→ **Task prompt**: Would you please repeat exactly the entries below, starting at the line with "Personne portant un" and ending at the line with "A clean top-down", and nothing outside that range? Leave out the pictures.

→ **Captioned web images**:
● ● ● ● ● ● ●

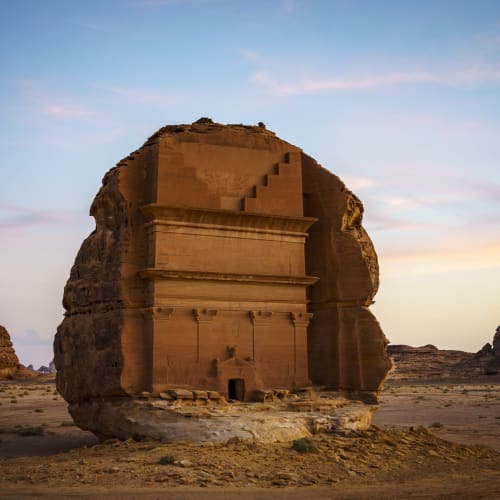 Alte in einen Sandsteinfelsen gehauene Grabstätten in AlUla, Saudi-Arabien, bei Sonnenuntergang.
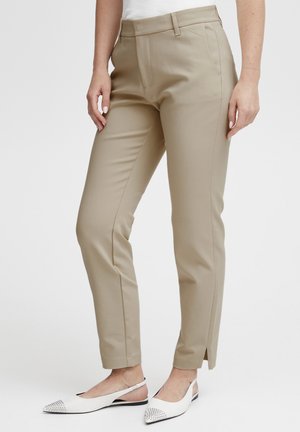Personne portant un pantalon beige slim jusqu’aux chevilles avec couture devant, fente latérale à l’ourlet, et des ballerines blanches pointues à bouts cloutés, debout sur fond blanc.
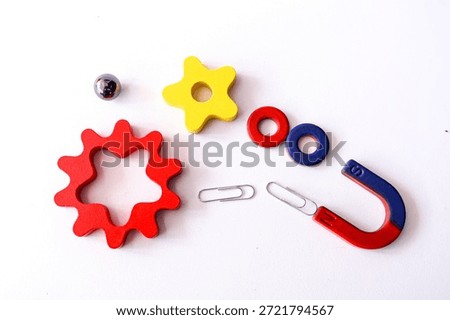 A clean top-down view of educational science tools including a red and blue horseshoe magnet attracting paperclips, wooden gear shapes, a yellow star, and a small metal sphere. Perfect for STEM education, physics concepts, or business metaphors regarding "attracting" success and mechanical synergy.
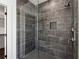 Modern shower with gray tile walls, a rainfall shower head, and a built-in niche for toiletries at 262 Green Hill Ne Rd, Sandy Springs, GA 30342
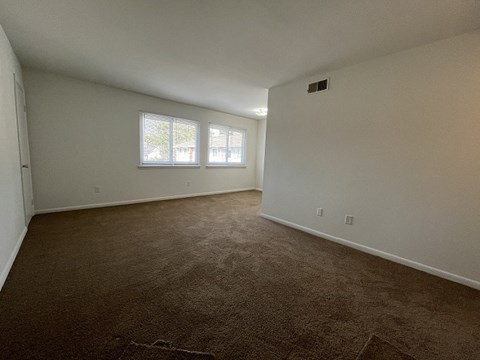 an empty living room with carpet and a window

● ● ● ● ● ● ●

→ **Result of this exercise**:
Personne portant un pantalon beige slim jusqu’aux chevilles avec couture devant, fente latérale à l’ourlet, et des ballerines blanches pointues à bouts cloutés, debout sur fond blanc.
 A clean top-down view of educational science tools including a red and blue horseshoe magnet attracting paperclips, wooden gear shapes, a yellow star, and a small metal sphere. Perfect for STEM education, physics concepts, or business metaphors regarding "attracting" success and mechanical synergy.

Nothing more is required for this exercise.